Op these people are just going to pull your leg or tell you to read the Greeks (you don't have to).
Personally what has helped me the most isn't necessarily the reading itself, but the reflection of what I have read. For instance if I've read a passage or even just a line or two from Nietzche, I can go lay in bed and reflect on how that passage is correct, how it has problems, how it could be refined, and more importantly how the refining of this idea that he's written could potentially help me.
After reflecting I go and write (paper and pencil is best no matter what anyone else tells you, it really solidifies the information in your head) my refinement of this idea, and how I can use this idea/philosophy to aid in what I want. That's the most important, you have to know what you want, but you have to know SPECIFICALLY what you want. It can't be something like "i want to worry less", it has to be more akin to "i don't want to get nervous when I give a speech" or "I don't want to worry about my work while I'm trying to relax". These highly specific wants will help you when your doing exactly what you've mentioned. When you begin you can think to yourself "I really wanted to work towards not doing this, so I'm going to try really hard not to worry right now". And once you have mastered all these specifities together you have achieved a greater goal.
If you need an example I can provide one of my own, I find that examples help me learn more than pure explanation. For me, I've been having a lot of trouble with talking to people and letting myself be cutoff in conversations. This was my first problem to improve upon, and I did it thinking I was just freewriting. In fact I was solidifying an idea to solve this problem that had been floating in my head for a long time.

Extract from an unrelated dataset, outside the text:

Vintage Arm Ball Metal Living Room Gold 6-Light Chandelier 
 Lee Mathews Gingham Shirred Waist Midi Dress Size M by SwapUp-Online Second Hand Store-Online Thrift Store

I started by reading some buddhist stuff (i only dabble, i personally don't like the idea of losing desire), then I sat down and "freewrote" (i wasn't). I first wrote a dialogue between a character that I've been thinking about, and myself (i know it sounds retarded, but trust me). I wrote about how fictional me was fed up with social interactions, and how he was asking fictional character how to improve in social situations. I ended up coming to the conclusion that in order to move forward, I need something simple, something that has been part of human nature since the very begining: faith. Bear with me here, I'm not religious. I needed to have faith not in some otherworldly being or god, not the universe or my parents or friends. I needed to have faith in myself. I needed to trust myself to try new things and make them work. After writing 3 pages about having faith in oneself, and why it's important, and how it can be used, I found my social interactions improving. And through this writing I think now that reflecting upon your improvement is important, so as not to backtrack and get stuck in the negative spiral. First trust yourself to do good, then do good, then reflect.